Auf Steuern verzichten, um Steuern zu sparen: Mit einem Tauschgeschäft gehen fünf Immobilien der Bad Vilbeler Stadtwerke in den steuerbefreiten Bereich. Die Abstimmung im Stadtparlament verläuft am Ende zwar einstimmig – aber nicht ohne Zweifel der Opposition an diesem Schachzug.
Bad Vilbel. Die Erich-Glück-Stiftung wurde im Namen des früheren Bad Vilbeler Bürgermeisters gegründet, um älteren Menschen finanziell unter die Arme zu greifen. Doch bei den derzeitigen Niedrigzinsen vermehrt sich das Kapital der Stiftung von gut einer halben Million Euro nicht gerade rasant.

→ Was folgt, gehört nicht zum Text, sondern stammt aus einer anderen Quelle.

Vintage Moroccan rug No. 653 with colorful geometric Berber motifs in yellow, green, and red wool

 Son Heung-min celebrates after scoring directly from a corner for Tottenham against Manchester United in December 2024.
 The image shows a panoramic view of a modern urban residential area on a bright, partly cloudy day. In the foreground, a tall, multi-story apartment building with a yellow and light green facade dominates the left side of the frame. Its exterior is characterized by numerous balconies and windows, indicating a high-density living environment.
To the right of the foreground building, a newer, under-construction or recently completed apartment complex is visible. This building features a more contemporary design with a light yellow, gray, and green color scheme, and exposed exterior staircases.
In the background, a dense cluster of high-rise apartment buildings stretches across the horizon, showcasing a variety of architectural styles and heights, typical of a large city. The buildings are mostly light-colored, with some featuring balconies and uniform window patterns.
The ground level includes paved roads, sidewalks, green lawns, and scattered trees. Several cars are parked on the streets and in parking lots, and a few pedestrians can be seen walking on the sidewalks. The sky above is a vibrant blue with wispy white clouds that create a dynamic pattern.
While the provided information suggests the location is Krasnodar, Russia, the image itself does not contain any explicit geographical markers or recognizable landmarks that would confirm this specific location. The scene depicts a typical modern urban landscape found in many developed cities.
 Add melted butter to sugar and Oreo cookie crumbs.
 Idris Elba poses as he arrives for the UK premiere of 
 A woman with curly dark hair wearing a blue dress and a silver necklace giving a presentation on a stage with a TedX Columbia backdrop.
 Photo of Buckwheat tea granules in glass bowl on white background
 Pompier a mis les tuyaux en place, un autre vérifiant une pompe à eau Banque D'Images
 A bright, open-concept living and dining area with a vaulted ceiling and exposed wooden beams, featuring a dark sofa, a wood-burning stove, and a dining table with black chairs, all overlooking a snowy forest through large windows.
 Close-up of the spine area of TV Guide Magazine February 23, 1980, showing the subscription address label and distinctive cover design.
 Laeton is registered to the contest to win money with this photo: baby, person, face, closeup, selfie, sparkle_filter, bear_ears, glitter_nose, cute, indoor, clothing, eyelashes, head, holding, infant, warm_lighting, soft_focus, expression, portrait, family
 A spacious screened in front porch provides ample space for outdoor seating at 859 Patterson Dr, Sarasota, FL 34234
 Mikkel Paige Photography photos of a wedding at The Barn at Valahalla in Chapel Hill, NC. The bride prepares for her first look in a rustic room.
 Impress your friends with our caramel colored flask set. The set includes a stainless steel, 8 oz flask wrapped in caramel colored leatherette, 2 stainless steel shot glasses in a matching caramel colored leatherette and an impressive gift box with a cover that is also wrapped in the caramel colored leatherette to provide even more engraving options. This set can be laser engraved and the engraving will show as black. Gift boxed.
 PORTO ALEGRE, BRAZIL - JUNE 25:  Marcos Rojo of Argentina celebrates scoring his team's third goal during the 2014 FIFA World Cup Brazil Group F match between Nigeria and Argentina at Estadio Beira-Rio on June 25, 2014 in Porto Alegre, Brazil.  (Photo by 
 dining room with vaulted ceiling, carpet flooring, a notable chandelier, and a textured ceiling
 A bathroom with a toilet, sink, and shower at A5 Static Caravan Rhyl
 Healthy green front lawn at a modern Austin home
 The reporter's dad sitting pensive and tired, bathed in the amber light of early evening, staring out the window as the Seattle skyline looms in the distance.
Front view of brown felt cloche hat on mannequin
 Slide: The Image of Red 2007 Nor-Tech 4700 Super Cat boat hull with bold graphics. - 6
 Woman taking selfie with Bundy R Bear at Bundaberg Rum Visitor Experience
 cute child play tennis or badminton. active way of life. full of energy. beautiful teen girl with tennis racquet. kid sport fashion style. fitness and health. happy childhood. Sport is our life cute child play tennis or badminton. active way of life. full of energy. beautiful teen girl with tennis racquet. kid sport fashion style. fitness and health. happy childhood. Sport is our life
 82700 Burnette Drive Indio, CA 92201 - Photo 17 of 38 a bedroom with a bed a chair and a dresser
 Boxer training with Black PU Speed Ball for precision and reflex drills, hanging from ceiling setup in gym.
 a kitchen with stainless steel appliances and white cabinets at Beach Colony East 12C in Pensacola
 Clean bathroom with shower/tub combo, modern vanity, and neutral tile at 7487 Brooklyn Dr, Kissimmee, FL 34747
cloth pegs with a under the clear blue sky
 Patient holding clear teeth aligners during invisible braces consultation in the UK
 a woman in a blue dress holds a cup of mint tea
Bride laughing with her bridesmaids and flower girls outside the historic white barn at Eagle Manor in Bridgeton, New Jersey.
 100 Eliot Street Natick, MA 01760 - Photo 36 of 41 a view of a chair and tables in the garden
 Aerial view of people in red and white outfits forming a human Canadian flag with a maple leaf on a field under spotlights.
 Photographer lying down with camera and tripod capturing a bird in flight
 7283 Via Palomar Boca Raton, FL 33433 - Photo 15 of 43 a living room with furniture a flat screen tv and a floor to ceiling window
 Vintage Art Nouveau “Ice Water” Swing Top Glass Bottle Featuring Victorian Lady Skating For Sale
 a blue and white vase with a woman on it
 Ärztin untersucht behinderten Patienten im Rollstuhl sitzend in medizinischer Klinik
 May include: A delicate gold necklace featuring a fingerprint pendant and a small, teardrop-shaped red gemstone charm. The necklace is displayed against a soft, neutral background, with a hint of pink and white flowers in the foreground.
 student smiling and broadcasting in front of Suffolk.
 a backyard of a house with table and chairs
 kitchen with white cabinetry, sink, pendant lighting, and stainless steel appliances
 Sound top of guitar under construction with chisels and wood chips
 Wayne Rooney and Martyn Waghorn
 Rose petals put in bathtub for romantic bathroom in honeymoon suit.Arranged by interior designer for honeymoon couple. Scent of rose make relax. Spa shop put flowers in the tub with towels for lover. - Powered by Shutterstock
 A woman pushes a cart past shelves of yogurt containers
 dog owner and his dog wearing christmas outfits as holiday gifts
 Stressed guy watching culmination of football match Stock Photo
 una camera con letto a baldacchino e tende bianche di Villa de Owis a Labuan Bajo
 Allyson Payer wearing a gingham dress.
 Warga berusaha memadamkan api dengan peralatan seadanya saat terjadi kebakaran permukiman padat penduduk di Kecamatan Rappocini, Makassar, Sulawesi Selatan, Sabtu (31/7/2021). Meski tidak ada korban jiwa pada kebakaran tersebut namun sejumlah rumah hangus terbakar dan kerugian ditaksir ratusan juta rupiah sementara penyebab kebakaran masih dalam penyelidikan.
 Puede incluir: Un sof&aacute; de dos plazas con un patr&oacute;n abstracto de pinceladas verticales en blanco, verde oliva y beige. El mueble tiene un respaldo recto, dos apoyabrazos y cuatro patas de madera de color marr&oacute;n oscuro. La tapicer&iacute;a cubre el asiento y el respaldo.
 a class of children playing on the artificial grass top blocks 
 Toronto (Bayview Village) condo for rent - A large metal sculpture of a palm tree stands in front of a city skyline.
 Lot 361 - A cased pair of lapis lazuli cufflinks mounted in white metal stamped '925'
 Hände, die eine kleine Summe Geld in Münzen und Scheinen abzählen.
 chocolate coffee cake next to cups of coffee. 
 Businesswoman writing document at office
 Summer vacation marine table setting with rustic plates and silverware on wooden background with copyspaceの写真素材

„An Einnahmen sind deswegen derzeit nur die Mieteinnahmen aus Glücks früherem Wohnhaus zu nennen“, leitet Stadtwerke-Chef Klaus Minkel (CDU) einen Vorschlag des Magistrats ein, den auch Bürgermeister Thomas Stöhr als „doppelten Gewinn“ bezeichnet. Denn die Stiftung erhält nun zwei Prozent an fünf Immobilien der Eigenbetriebe der Stadtwerke. Es handelt sich um die Liegenschaft, in der WT Systems untergebracht ist, das Brückencafé über der Nidda, das Lokal in der neuen Halle auf dem Heilsberg, das Woolworth-Gebäude und das Rathaus ohne die dortige Kantine. Die Stadt erhält im Gegenzug das Kapital der von der Stadt verwalteten Stiftung und zwei Prozent des früheren Wohnhauses von Erich Glück.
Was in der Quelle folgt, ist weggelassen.